SIN CITY -- Having spent the past couple of nights in Frank Miller's world, I can report that the place looks sensational bathed in digital Blu.
Miller, of course, is the graphic novel godfather whose "Batman: The Dark Night Returns" series popularized the gloomy, brooding superhero genre back in 1986.
Miller's original employer, Marvel Comics, gave superheroes pimples and personal problems back in the 1960s, but this bleak tale of the Caped Crusader in middle age rewrote the rules that said comics were for kids and mouth-breathers.
Miller applied hard-boiled fiction, existentialism and the visual techniques of film noir to his story panels, dragging goofy old Batman into the post-modern era. Adults who loved comics as kids returned as consumers of pricey "graphic novels."
Miller's mentor, WIll Eisner, had created one of the first widely admired graphic novels in 1978 with "A Contract With God." "The effect on me and others like me was tremendous," Miller says today.
Out of that respect and friendship comes the movie "The Spirit," based on Eisner's half-dead cop character, who dates back to the 1940s.
The late-2008 "Spirit" film came three years after Miller's wildly successful "Sin City," a stylistically similar adaptation of his comic book series. Expectations for "The Spirit" were high. They weren't met. The critics and fan boys were brutal.
Still, this is Frank Miller's work. "The Spirit" has enough visual firepower and churning oddities to make it worth a spin, at least if you're interested in Miller or what's going on on the cutting edge of green-screen filmmaking.
Lionsgate has released "The Spirit" on Blu-ray
and DVD. The high-definition presentation is reason alone to watch -- it flirts with reference quality. Clear and crisp. The DTS HD Master Audio sprawls across eight channels, bullets flying everywhere.
Extras cover the history of the Spirit character and creator Eisner. Miller and the mentor shared a love of Manhattan and "sexy saucy women."
Was Miller walking on thin ice while messing with Eisner's famous character? "No, I'm stomping through the ice with big-soled boots," Miller says in one featurette. "Just like he would have done."
Miller does the commentary with his producer. They sound out of their element. Miller was a lot more interesting paired with his "Sin City" collaborator Robert Rodriguez.
"The Spirit" uses the same mix of live action and graphic-novel visuals found in "Sin City" and "300." This time around, Samuel L. Jackson, Scarlett Johansson and Eva Mendes join star Gabriel Macht in front of the green screen. Louis Lombardi plays three identical henchmen, relatives of Uncle Fester, apparently, setting up some weird visual jokes and much-needed comic relief.
Armed with a fedora, red sneakers and cool tie, the Spirit chases after villains the Octopus (Jackson) and Sand Saref (Mendes) -- as well as anyone in a skirt. Miller's Spirit has the ability to heal himself from practically any injury, a new power that enables him to take savage beatings while enjoying Jackson's familiar rants.
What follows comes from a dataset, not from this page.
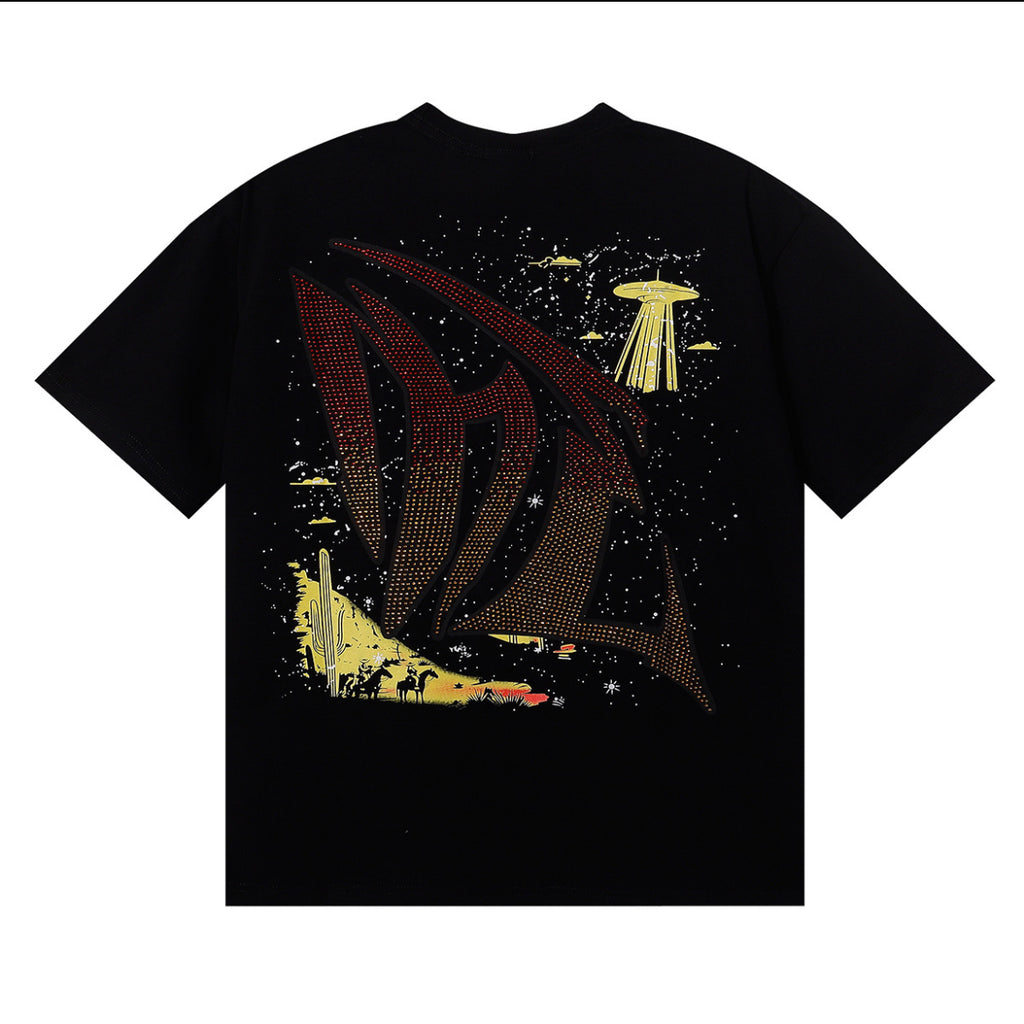 MIX EMOTION TEE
Instead of Miller's signature rain from "Sin City," we get non-stop snow. Perfect for this cold movie, full of technique but lacking a tell-tale heart.
Dimension, meanwhile, has unleashed "Sin City" on a double-disc Blu-ray
set that does justice to the film's audacious visuals. This is urban renewal on a major scale.
Blacks, whites and grays seem to have endless variations. The blacks, as Miller points out, always have visual content behind them, no matter how subtle -- the HD allows this technique to show through while retaining a dramatic high contrast. When spot colors break through, they have plenty of 3-D pop. The letterbox provides an appropriately artistic frame for the 1.85:1 images.
The theatrical version of "Sin City" comes on one disc with the "Recut, Extended and Unrated" version on the other. This replicates the exceptional special-edition DVD release of 2005, but does not include the "Hard Goodbye" comic insert.
"Sin City" remains a hell of a movie entertainment, full of adrenaline, gore and sleeze. Watching it in chapters (on the second disc) yields a linear experience, enhanced with new footage, although the theatrical cut clearly is the movie of choice.
Other than those Blu-ray exclusives, the extras are imports from the previous two DVDs. Co-director Rodriguez and Miller share a commentary track that pretty much confirms the veteran indie director was the man in charge on the project.
Rodriguez dominates the second tech-oriented commentary track, although Quentin Tarantino pops up as a "guest director" and star Bruce Willis makes a flyby.
The talk covers how Rodriguez "transcribed" Miller's comics work to the screen. Everything came together in the computer. Mickey Rourke and Elijah Wood never even met, he says, although they did an elaborate fight sequence.
Rodriguez heaps praise on star Rourke, saying: "He's a true tortured soul."
Rodriguez also offers his patented "15 Minute Film School" and a Tex-Mex cooking lesson, both continuations from other DVDs.
The 'Sin City' Blu-ray is the best to come out so far this year--it was made for the high-definition format and it shows brilliantly here.